Several transcription factors have also been implicated in the inflammatory process of asthma, including STAT6 and NF-κB [51-54]. STAT6 has been demonstrated to regulate many pathologic features of lung inflammatory responses, including Th2 cell differentiation, airway eosinophilia, epithelial mucus production, and smooth muscle changes [55, 56]. NF-κB controls the expression of some relevant genes encoding chemokines (CCL11, CXCL-8), cytokines (IL-5), and adhesion molecules (P-selectin) involved in airway eosinophilic and/or neutrophilic inflammation [57-60]. AT-RvD1 demonstrated a significant effect in reducing the phosphorylation of both STAT6 and NF-κB in BEAS-2B cells stimulated with IL-4. The downregulation of NF-κB by AT-RvD1 is in agreement with a previous study by our group [19, 20]; however, the present study is the first to demonstrate STAT6 modulation by AT-RvD1.

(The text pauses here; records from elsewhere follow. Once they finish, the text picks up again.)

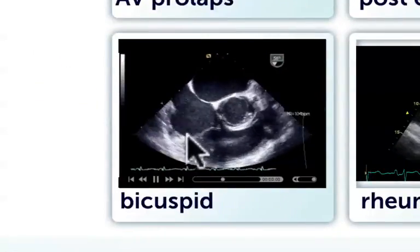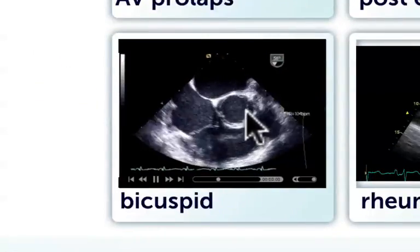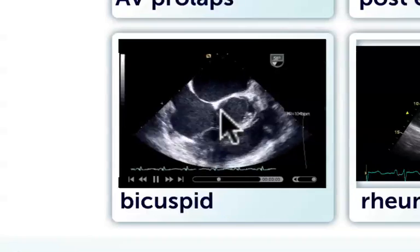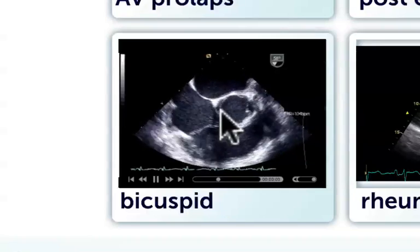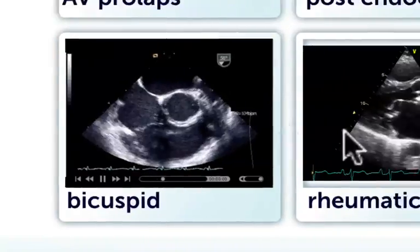Here we have a patient with a bicuspid valve. There are two cusps, one here and one here. These patients also have regurgitation very commonly, as we will see in the next slide.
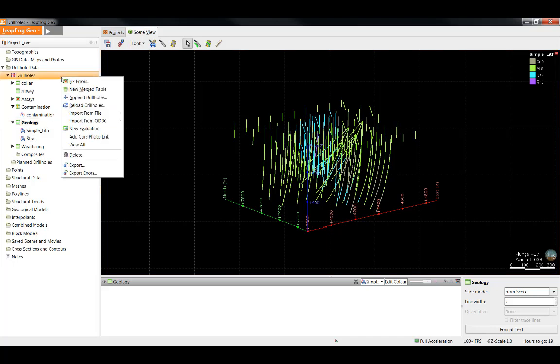Reloading drill holes replaces the existing tables with new ones. This can be done if you have added any information to the existing columns, such as new assays back from the lab or updated logging. Reloading is also the function we would use if the errors were fixed in the original database outside of LeapFrog and we wanted to update these tables in LeapFrog.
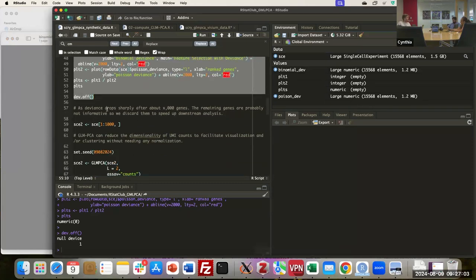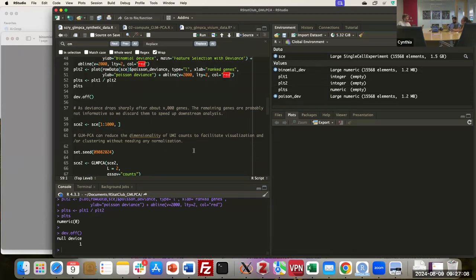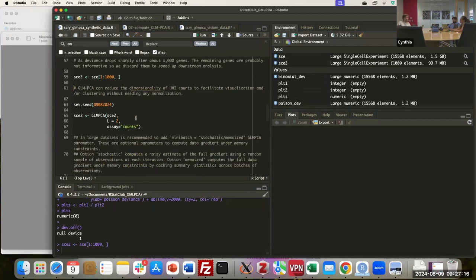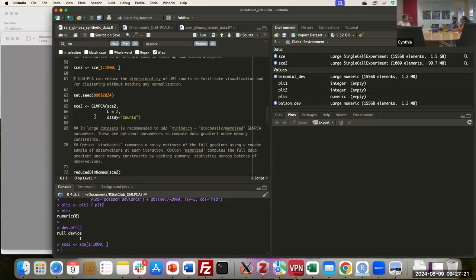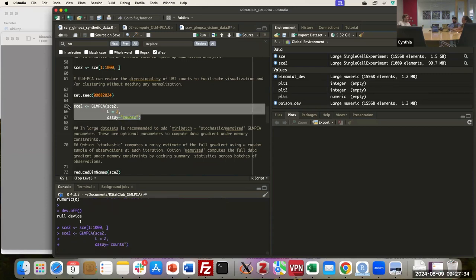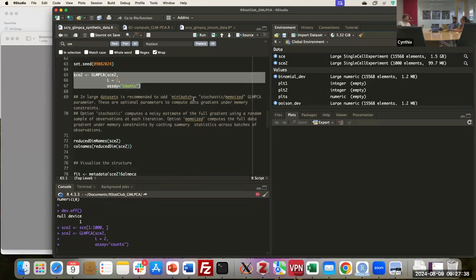I see that around the first thousand genes the deviance drops, so I'm going to make a subset of those genes and use them to perform dimensionality reduction and visualization. I'm using this subset of the model with two latent factors in the assay. An important note is that for large datasets, there's an additional argument called mini-batch — you can use either stochastic or memoized parameters to let the model handle the data in batches. These are optional parameters to compute the gradient under memory constraints.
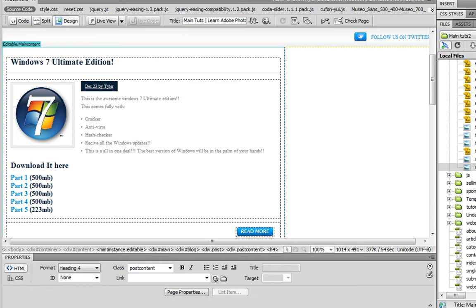So inside of this tutorial I'm going to show you guys how to get Windows 7 Ultimate Edition for free. It has a cracker for it so you can get all the updates and an antivirus.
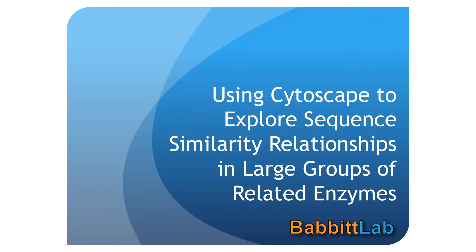This tutorial will show you how to use Cytoscape to visualize sequence relationships in large groups of related enzymes using sequence similarity networks downloaded from the Structure Function Linkage Database.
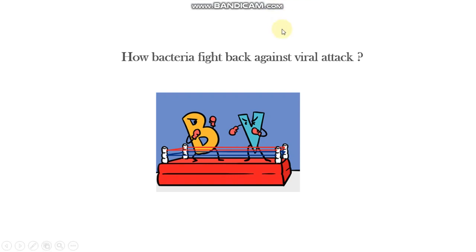Hello, welcome back to my channel, Excellent Protein X. In this tutorial video, I'll discuss the bacterial defense mechanism against viral attack. As we know, the phage virus constantly attacks bacteria, and the bacteria generate defense mechanisms against viral attack.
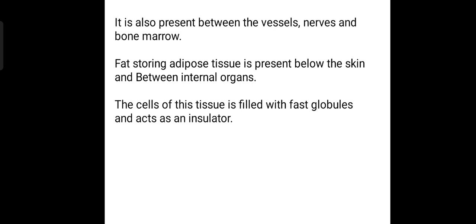The fat-storing adipose tissue is present between the skin and between the internal organs. The cells of this tissue are filled with fat globules, and it also acts as an insulator. Too much fat leads to obesity in human beings.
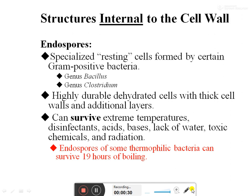Endospores can survive extreme temperature, disinfectants, acid, bases, lack of water, toxic chemicals, and radiation. The endospores of some thermophilic bacteria can even survive 19 hours of boiling.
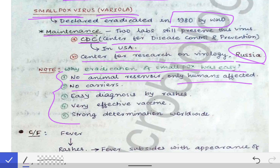The second reason is there were no carriers. If someone got the virus, they would develop the infection and would not enter a carrier stage — smallpox had no carrier stage.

The JAK/STAT pathways have a pivotal role in the differentiation of helper T cells. The SOCS family, induced by cytokine stimulation, inhibits STAT signaling [59, 60]. SOCS1 has been shown to be a critical negative regulator of IFN-γ and consequently of the Th1 immune response [61]. SOCS3 promotes Th2 differentiation by blocking STAT4 signaling. However, the removal of SOCS3 from T cells inhibits Th1 and Th2 responses [62, 63]. In addition, SOCS3 blocks STAT3 signaling and consequently inhibits Th17 polarization [64]. IL-17 plays an important role in the development of severe asthma due to induced neutrophilic inflammation [65, 66]. Therefore, the inhibition of Th17 cell differentiation or IL-17 production could be beneficial for controlling severe asthma. SOCS plays an important role in the modulation of inflammation and is critical due to its broad spectrum of signaling events. However, the role of SOCS in bronchial epithelial cells is not clear. In our experiments, IL-4 increased both SOCS1 and SOCS3 expression, with SOCS1 showing higher expression, whereas AT-RvD1 decreased SOCS1 and increased SOCS3 expression compared to cells stimulated with IL-4. Thus, it is possible that SOCS1 inhibition and SOCS3 induction, involved in Th1 and Th17 immune responses, respectively, by AT-RvD1 may also negatively regulate JAK/STAT signaling pathways in BEAS-2B cells. However, additional studies are needed to test this hypothesis. Taken together, the results suggested that AT-RvD1 has a potential to modulate the immune response in both stable and severe asthma.

5. Conclusion

In conclusion, our results demonstrate that AT-RvD1 modulates the activation of bronchial epithelial cells induced by IL-4. AT-RvD1, via the ALX/FPR2 receptor, decreased CCL2 and CXCL-8 production and downregulated the NF-κB and STAT6 pathways. In addition, AT-RvD1 decreased SOCS1 and increased SOCS3 expression. Together, these results suggest that AT-RvD1 has the potential to control airway inflammation.